Bacteria are an important source of natural carotenoids for humans, and the use of cultured bacteria to obtain natural carotenoids is one of the major current approaches. The method for measuring the total carotenoid content in the bacterial liquid by the traditional method comprises the following steps of: 1. sample preparation: the bacterial liquid is centrifuged at 5000g for 10 minutes to obtain bacterial cells. 2. Wall breaking treatment: breaking wall by grinding, ultrasonic crushing, high-speed bead grinding, repeated freezing and thawing, etc. 3. Extracting with an organic solvent: extracting carotenoid in thallus with organic solvent such as methanol and acetone at room temperature in shaking table under dark condition until thallus becomes white. 4. Supernatant acquisition: centrifuging at 5000g for 10 min to obtain supernatant containing carotenoid, and oven drying and weighing thallus precipitate. 5. Total carotenoid content determination: the absorbance of the supernatant was measured at 480nm wavelength by an ultraviolet spectrophotometer. Finally, the total carotenoid content produced by the bacteria was calculated according to the following formula:
total carotenoid content (TCC, μg/g) =a×d×v/(e×w)
Wherein A is absorbance at 480nm of total carotenoid content, D is dilution ratio, V is volume (mL) of extract, E is extinction coefficient of 0.16 of total carotenoid, and W is dry weight (g) of bacterial cells.
The disadvantage of this method is that: 1. the steps are complicated, the time consumption is long, and the whole process needs 12 hours. 2. Not environment-friendly, and needs a large amount of organic solvents such as methanol, acetone and the like. 3. The biological activity of carotenoid is destroyed, natural carotenoid has biological activity characteristic, and has strong sensitivity to light, heat, etc. 4. The cost is high, for example, the organic solvent required by measuring the carotenoid content in 1L of bacterial liquid is 3-5 Yuanrenzhi, and the acetone is 10-15 Yuanzhi.

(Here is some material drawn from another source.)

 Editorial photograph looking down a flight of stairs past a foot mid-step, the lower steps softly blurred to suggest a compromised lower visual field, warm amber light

In view of the important role of bacteria in obtaining natural carotenoids in humans, the development of a method for measuring the yield of carotenoids produced by bacteria, which is rapid, simple, environment-friendly and low-cost, has a broad application prospect. However, so far no report has been made on the rapid detection of bacterial total carotenoid content by constructing a linear regression equation using bacterial broth concentration and total carotenoid content. The invention can rapidly detect the total carotenoid content in the bacterial liquid by utilizing a linear regression equation constructed by the bacterial liquid concentration and the total carotenoid content, and can solve the problems existing in the traditional method. Therefore, the invention has the advantages of rapidness, simplicity, environmental protection, low cost, capability of maintaining the bioactivity of the carotenoid and the like.
Disclosure of Invention
The invention aims to overcome the defects of complicated steps, long time consumption, environmental protection, high cost, destroyed biological activity of carotenoid and the like in the traditional method for measuring the total carotenoid content of bacterial liquid, and simultaneously provides a quick, simple, environment-friendly measuring method which has low cost and can keep the biological activity of carotenoid.

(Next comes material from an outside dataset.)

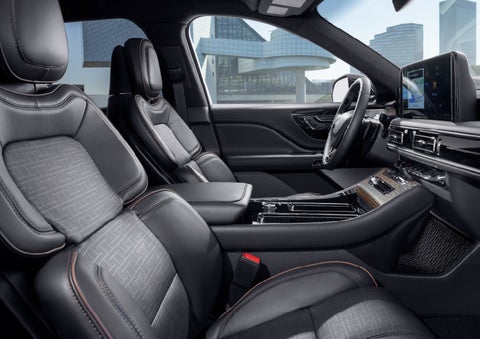 The interior of the 2025 Lincoln Aviator® SUV is shown with sleek black accents. | J.C. Lewis Lincoln in Savannah GA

The principle of the invention is that the concentration of bacterial liquid of bacteria at a certain wavelength has positive linear relation with the optical density, and the concentration of bacterial liquid of bacteria can be rapidly determined by utilizing a spectrophotometer. We find that: the bacterial liquid concentration and the carotenoid content have positive linear relation, so that the linear regression equation between the bacterial liquid concentration and the total carotenoid content in the bacterial liquid is established by constructing a standard curve of the bacterial liquid concentration and the total carotenoid content in the bacterial liquid, and then the carotenoid content in the bacterial liquid at any concentration can be calculated by utilizing the equation. The method comprises the following steps: (1) obtaining the concentration of carotenoid producing bacteria liquid; (2) Establishing a linear regression equation for measuring the total carotenoid content and bacterial liquid concentration of bacterial liquid; (3) And obtaining the total carotenoid content of the bacterial liquid according to a linear regression equation. Compared with the traditional method, the method has the advantages of fewer steps, no need of using organic solvents, no need of drying thalli, no need of treating bacteria and capability of maintaining the biological activity of carotenoid. Therefore, the invention has the advantages of rapidness, simplicity, environmental protection, low cost, maintenance of carotenoid bioactivity and the like.

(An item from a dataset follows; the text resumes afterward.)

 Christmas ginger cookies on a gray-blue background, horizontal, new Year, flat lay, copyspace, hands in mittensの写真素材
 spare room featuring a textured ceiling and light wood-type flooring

In order to solve the technical problems, the invention adopts the following technical scheme:
a method for rapidly determining the total carotenoid content in bacterial liquid comprises the following steps:
A. preparing standard bacterial solutions with different concentrations, measuring the optical density value of the standard bacterial solution as X, drawing a standard curve by taking the concentration of the standard bacterial solution as Y, and establishing a linear regression equation for rapidly measuring the concentration of the bacterial solution: y=ax+b.
B. The total carotenoid content of the standard bacterial liquid is measured as y by adopting a traditional method, the concentration of the standard bacterial liquid is used as x, a standard curve is drawn, and a linear regression equation for rapidly measuring the total carotenoid content of the bacterial liquid is established: y=ax+b.
C. And D, obtaining an optical density value of the unknown bacterial liquid, substituting the optical density value into the linear regression equation established in the step A to obtain the concentration of the unknown bacterial liquid, and substituting the linear regression equation established in the step B to obtain the total carotenoid content of the unknown bacterial liquid.
Preferably, the bacterium is a bacterium capable of producing carotenoids.
Preferably, the optical density value is obtained using an ultraviolet spectrophotometer.
Preferably, in the step a, the concentration of the bacterial liquid is obtained by a plate colony counting method, and the standard bacterial liquid is prepared.
Preferably, the method further comprises the following steps:
D. and (3) checking: and C, obtaining the total carotenoid content of the unknown bacterial liquid by adopting a traditional method, wherein compared with the total carotenoid content of the unknown bacterial liquid obtained in the step C, no significant difference exists.
The application of the method for rapidly determining the total carotenoid content in the bacterial liquid is characterized in that the total carotenoid content of any bacterial liquid is rapidly obtained.
After establishing a double linear regression equation and checking, for the same bacterial liquid, the optical density value of the bacterial liquid can be directly obtained, and the total carotenoid content can be quickly obtained by substituting the optical density value into the double linear regression equation, so that convenience is provided for related experiments and researches of bacterial carotenoid production.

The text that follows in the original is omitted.